News Americas, NEW YORK, NY, Weds. Oct. 26, 2011: Scores of human rights violations by police in the Dominican Republic have been released in a new report called: “Shut Up If You Don’t Want To Be Killed.”

The report by Amnesty International claims the police in the DR engage in killings, torture and ill-treatment of nationals at an alarming level. It claims that research shows that between January and July 2011, 154 people were killed by the police in the Dominican Republic, according to the Office of the Prosecutor General – in comparison to 125 over the same period in 2010.

One young man told Amnesty International in October: “If you rob somebody and this person files a complaint, if the police identify you as the robber, they look for you and without letting you speak they shoot at you… I was there when the police caught a friend of mine. He was a robber. The police were looking for him. One day the police went to his house. He was hiding somewhere else. The police told him: ‘Come out, we are not going to kill you, we just wanted to question you’. When he came out, they shot him twice in the head.”

Statistics also from the Office of the Prosecutor General showed that 10 percent of all the murders recorded in 2010 were committed by the police. Several police officers were also killed.

The vast majority of the fatal shootings were described by the police as “exchanges of gunfire” with criminal suspects. However, in many cases, forensic tests support the allegations that police officers deliberately shot to kill.

Amnesty International also found that while in police custody, criminal suspects have been threatened with death, beaten and denied food, water and essential medicines.
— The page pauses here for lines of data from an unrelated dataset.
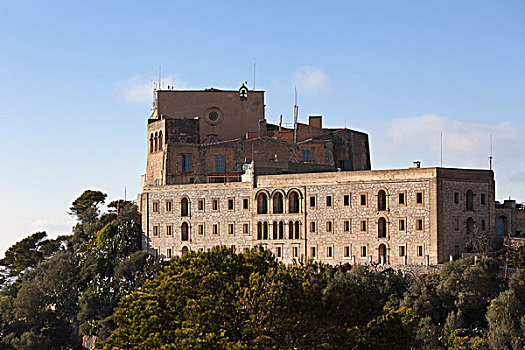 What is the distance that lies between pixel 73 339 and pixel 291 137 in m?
25.6

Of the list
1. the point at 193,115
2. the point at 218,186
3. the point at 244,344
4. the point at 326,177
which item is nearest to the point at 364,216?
the point at 326,177

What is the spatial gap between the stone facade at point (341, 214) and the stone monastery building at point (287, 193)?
7 centimetres

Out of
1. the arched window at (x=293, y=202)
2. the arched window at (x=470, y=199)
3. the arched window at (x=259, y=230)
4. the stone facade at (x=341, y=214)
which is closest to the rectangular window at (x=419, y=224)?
the stone facade at (x=341, y=214)

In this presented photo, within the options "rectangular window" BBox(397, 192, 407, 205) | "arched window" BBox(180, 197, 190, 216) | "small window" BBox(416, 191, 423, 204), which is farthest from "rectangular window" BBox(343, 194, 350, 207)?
"arched window" BBox(180, 197, 190, 216)

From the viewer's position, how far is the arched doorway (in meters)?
71.2

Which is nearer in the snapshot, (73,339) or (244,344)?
(244,344)

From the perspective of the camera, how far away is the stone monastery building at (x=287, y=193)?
70500 millimetres

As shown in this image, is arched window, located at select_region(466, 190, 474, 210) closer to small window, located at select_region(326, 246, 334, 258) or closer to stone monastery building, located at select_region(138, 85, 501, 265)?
stone monastery building, located at select_region(138, 85, 501, 265)

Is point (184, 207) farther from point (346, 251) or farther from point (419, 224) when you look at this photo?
point (419, 224)

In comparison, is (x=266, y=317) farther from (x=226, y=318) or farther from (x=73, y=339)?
(x=73, y=339)

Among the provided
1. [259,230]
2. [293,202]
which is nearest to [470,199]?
[293,202]

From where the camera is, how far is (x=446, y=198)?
6994 cm

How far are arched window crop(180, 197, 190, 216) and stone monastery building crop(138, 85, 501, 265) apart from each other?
101 millimetres

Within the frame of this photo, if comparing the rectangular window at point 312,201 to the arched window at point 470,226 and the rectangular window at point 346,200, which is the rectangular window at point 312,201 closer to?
the rectangular window at point 346,200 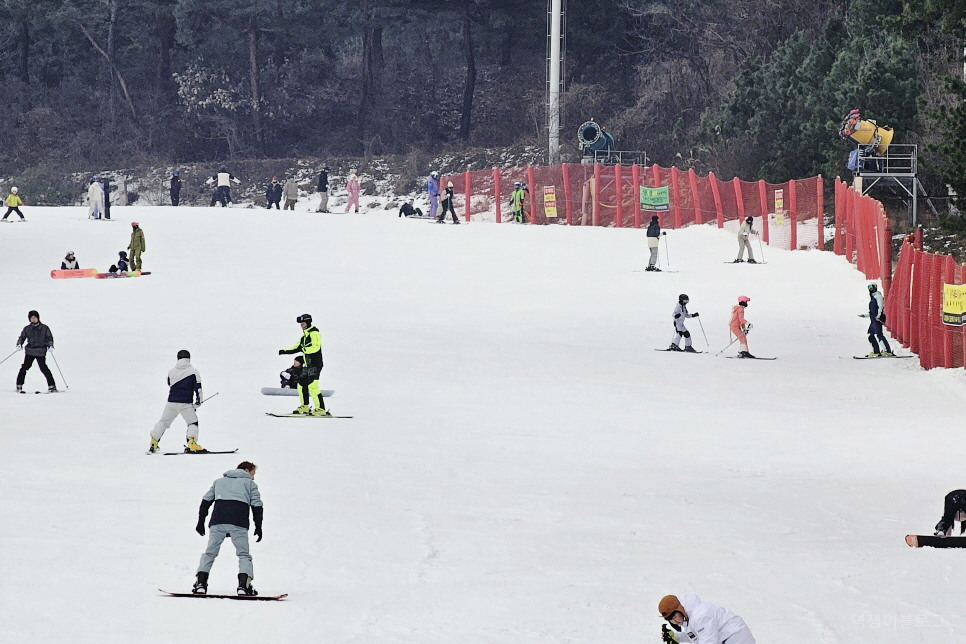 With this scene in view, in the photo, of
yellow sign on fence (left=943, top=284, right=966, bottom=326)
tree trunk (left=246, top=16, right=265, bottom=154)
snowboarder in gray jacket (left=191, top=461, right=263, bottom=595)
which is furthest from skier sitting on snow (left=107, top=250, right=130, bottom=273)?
tree trunk (left=246, top=16, right=265, bottom=154)

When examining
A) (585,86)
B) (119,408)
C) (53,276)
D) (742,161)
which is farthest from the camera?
(585,86)

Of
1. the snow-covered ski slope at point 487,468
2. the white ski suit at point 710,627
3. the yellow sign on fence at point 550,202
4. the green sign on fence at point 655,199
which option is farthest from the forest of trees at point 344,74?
the white ski suit at point 710,627

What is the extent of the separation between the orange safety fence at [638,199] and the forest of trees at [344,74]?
1338cm

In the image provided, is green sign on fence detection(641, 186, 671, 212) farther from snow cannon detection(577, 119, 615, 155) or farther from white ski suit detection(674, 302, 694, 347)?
white ski suit detection(674, 302, 694, 347)

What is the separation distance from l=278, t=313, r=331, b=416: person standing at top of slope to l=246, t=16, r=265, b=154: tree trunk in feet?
197

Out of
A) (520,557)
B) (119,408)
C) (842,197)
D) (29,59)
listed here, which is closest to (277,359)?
(119,408)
Some have had plastic bags put over their heads and were hung from bars or nails by their handcuffs. At least two people last seen in police custody are feared to have been the victims of enforced disappearance. Only a fraction of cases reach the courts or are even investigated.
AI is urging authorities in the Dominican Republic to urgently reform their police force.

“Authorities must ensure those responsible for the killings and torture face justice and that steps are taken to change the policies and practices that allow these abuses to take place,” said Javier Zúñiga, Head of Amnesty International’s delegation in the Dominican Republic. “The official view continues to be that human rights violations are committed by a few corrupt or unprofessional officers who are swiftly dealt with and held accountable but the reality paints a very different picture.”